Your task |
Without any pictures, print the lines below from the one that has "2006 BMW 3 series" through the one that has "фото thumb №3, Крышка", exactly and nothing else.

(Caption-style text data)
++++
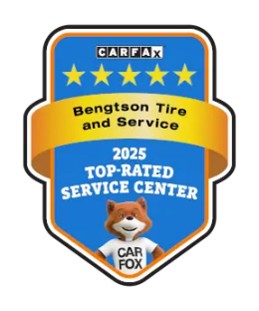 2025 top rated service center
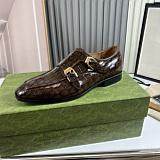 Gucci Dress Shoes For Men in 186699
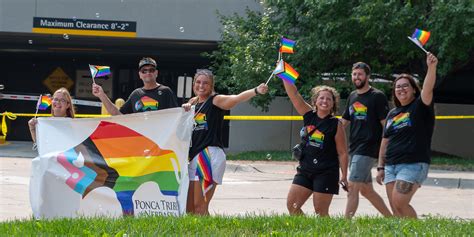 Heartland Pride Parade July Flickr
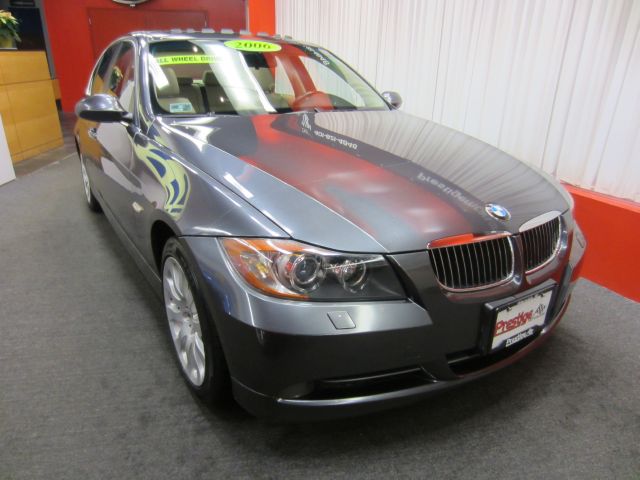 2006 BMW 3 series
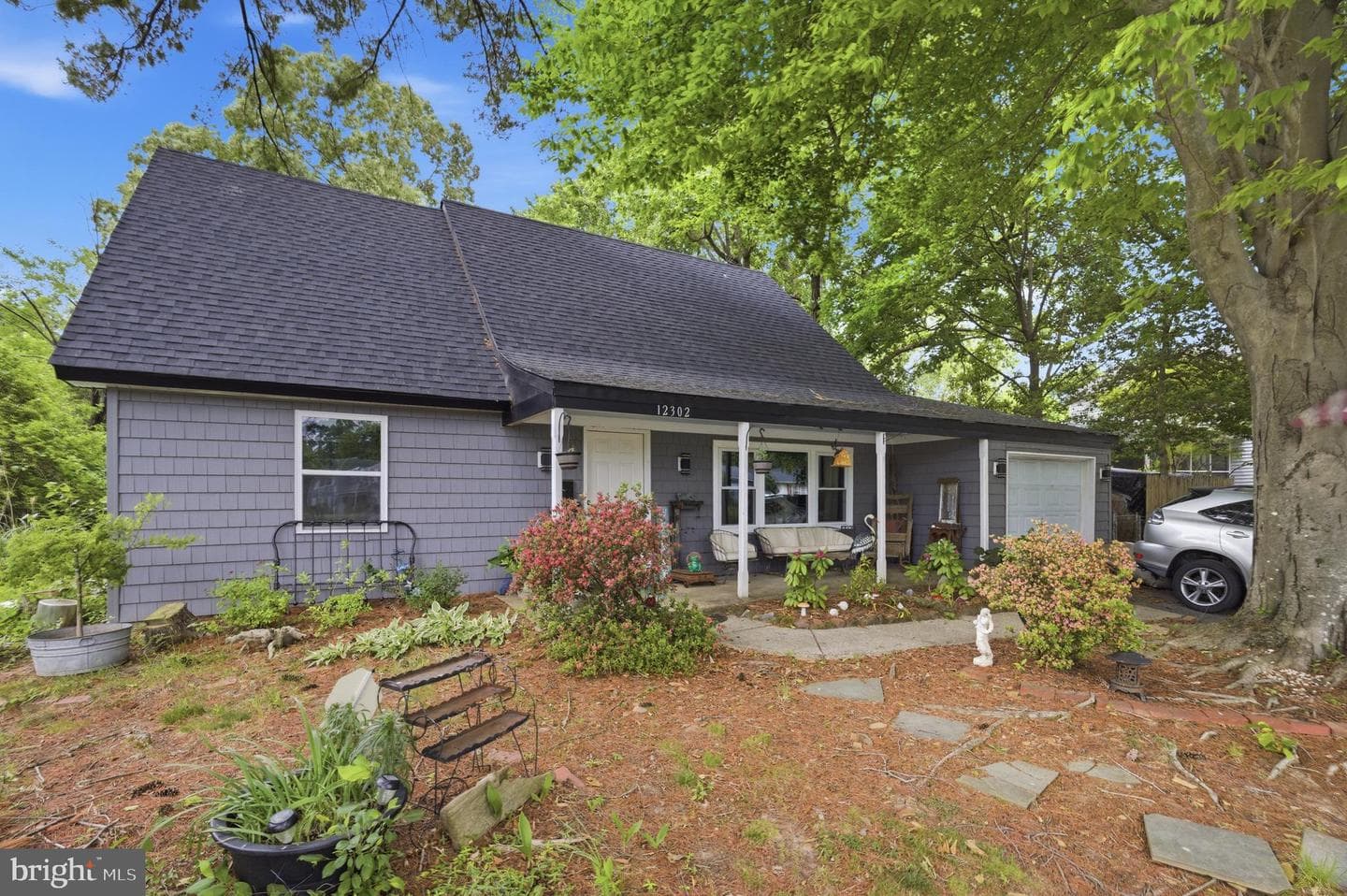 12302 Whitehall Drive, Bowie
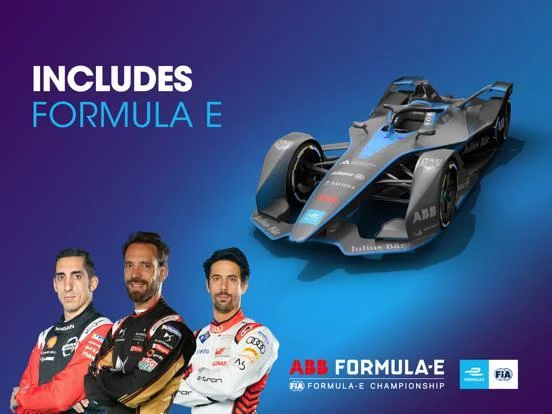 Изображение игры: Motorsport Manager Online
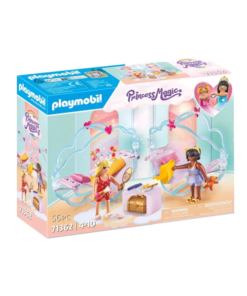 Playmobil Princess Magic Πιτζάμα-Πάρτι Στα Σύννεφα (71362)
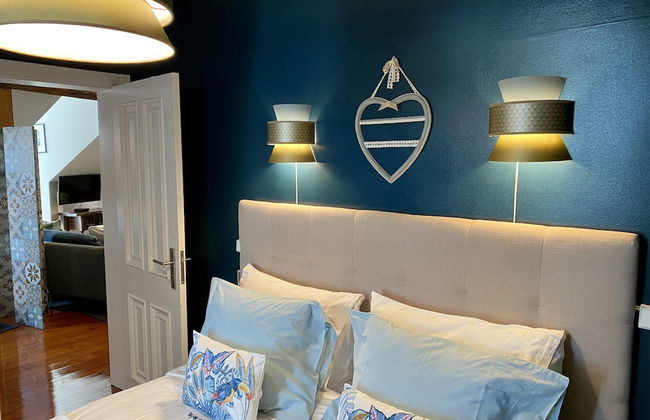 Studios with Mezzanine Rua da Moeda - Foto 11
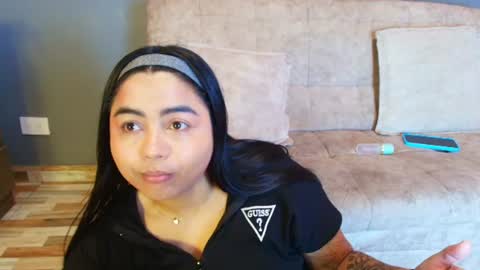  Jade Brunete  online show from July 18, 8:01 pm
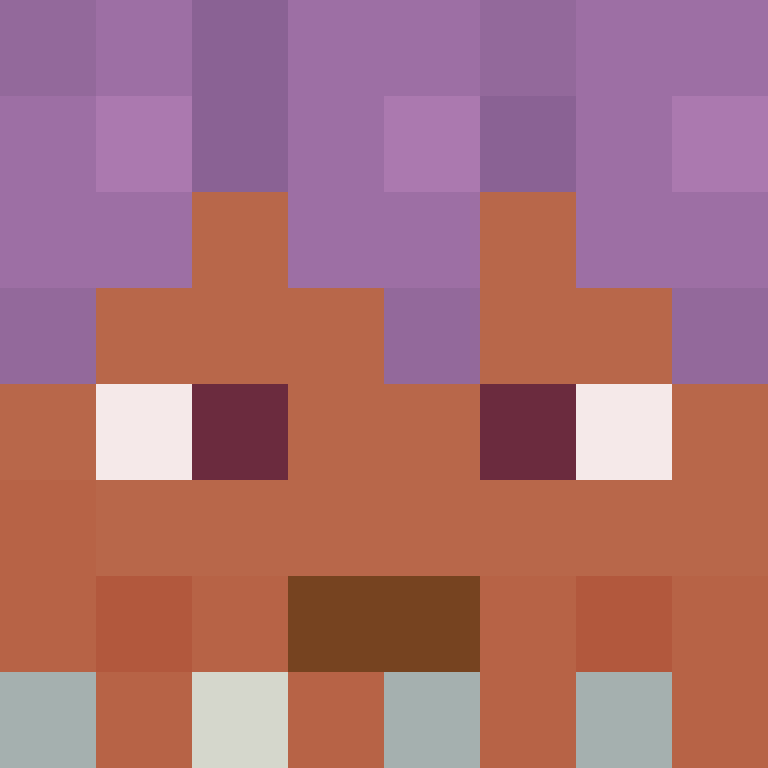 deminecrafterlol's skin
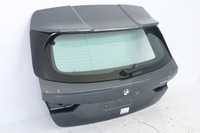 фото thumb №3, Крышка багажника задняя задняя bmw 1 f40 b39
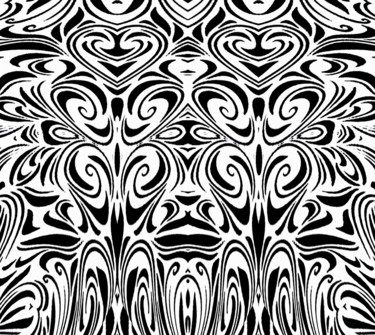 Digital Arts titled "BRPJ0077" by Peter Jalesh, Original Artwork, Digital Painting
++++
Task solution |
 2006 BMW 3 series
 12302 Whitehall Drive, Bowie
 Изображение игры: Motorsport Manager Online
 Playmobil Princess Magic Πιτζάμα-Πάρτι Στα Σύννεφα (71362)
 Studios with Mezzanine Rua da Moeda - Foto 11
  Jade Brunete  online show from July 18, 8:01 pm
 deminecrafterlol's skin
 фото thumb №3, Крышка багажника задняя задняя bmw 1 f40 b39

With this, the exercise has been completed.